# Ingredients



## VenVes

Hi,

I would like to know if anyone could help give me a correct translation for this Korean ingredient for an instant noodle I bought from a store yesterday? (Plus, will there be any pork sources inside the ingredients? I'm a Vegan )

*Here* is a snapshot I took of the ingredients, with my smartphone.

Thank you.


----------



## Hit Girl

Hello,

The seasoning mix contains cheese and milk powder.
It's also noted 'manufactured in a facility that processes pork, egg, shrimp, crab, mackerel, etc.
This thing sounds like bad news for vegans


----------



## Rance

If you are a Vegan, that thing is no good for you.
Among the ingredients, there are couple I find not suitable for a vegan.
I personally don't know what all these ingredients are, so I will point out things you want to avoid.
Noodle seems to be free from non-vegan stuff and the soup ingredients are the problem.

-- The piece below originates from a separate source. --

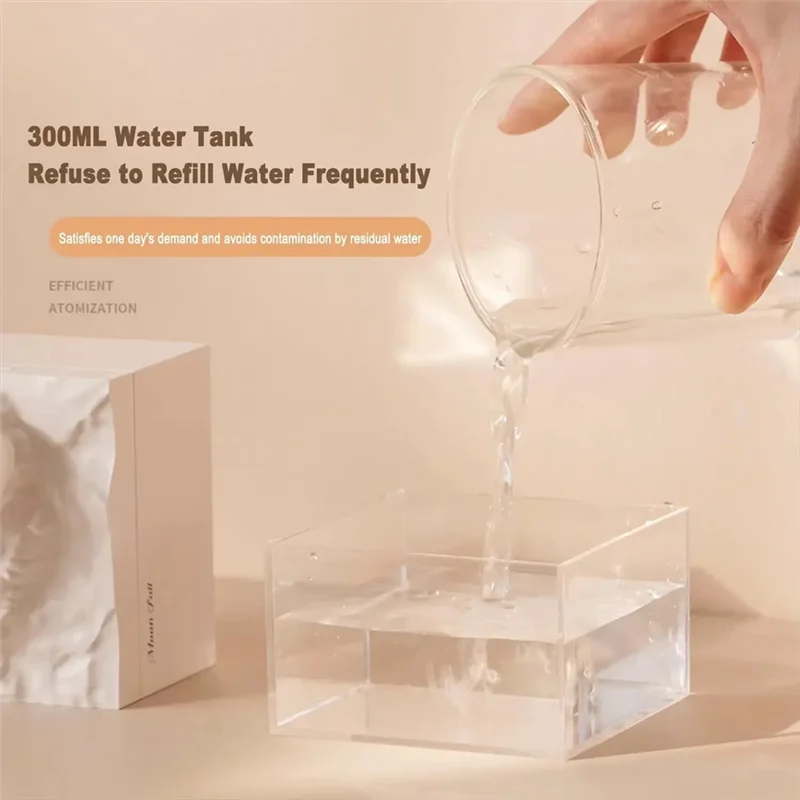 Difusor de aroma ABBN, humidificador de niebla fría, lámpara LED de luna, difusor de aroma de aceite esencial y luz nocturna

Terms to avoid as a vegan:

*치즈(cheese)
치즈*분말 = cheese powder
*치즈*혼합분말 = cheese powder with something else
*치즈*5.6% = contains cheese 5.6%

*유(milk)*
분말*유*크림 = heavy cream powder (?)
*유*크림혼합분말 = Heavy cream powder + extra
*유*청분말 = milk serum powder

*버터(butter)
버터*체다 = butter +cheddar cheese?

Also the last statement is more for people with allergic reactions to certain ingredients than the vegans, but I will translate for you.
"이 제품은 돼지고기, 계란, 토마토, 메밀, 새우, 게, 고등어 성분등을 사용한 제품과 같은 제조시설에서 제조하고 있습니다".
"This product is processed in same facility which also process pork, eggs, tomato, buckwheat, shrimp, crabs, mackerel, etc for other product".


----------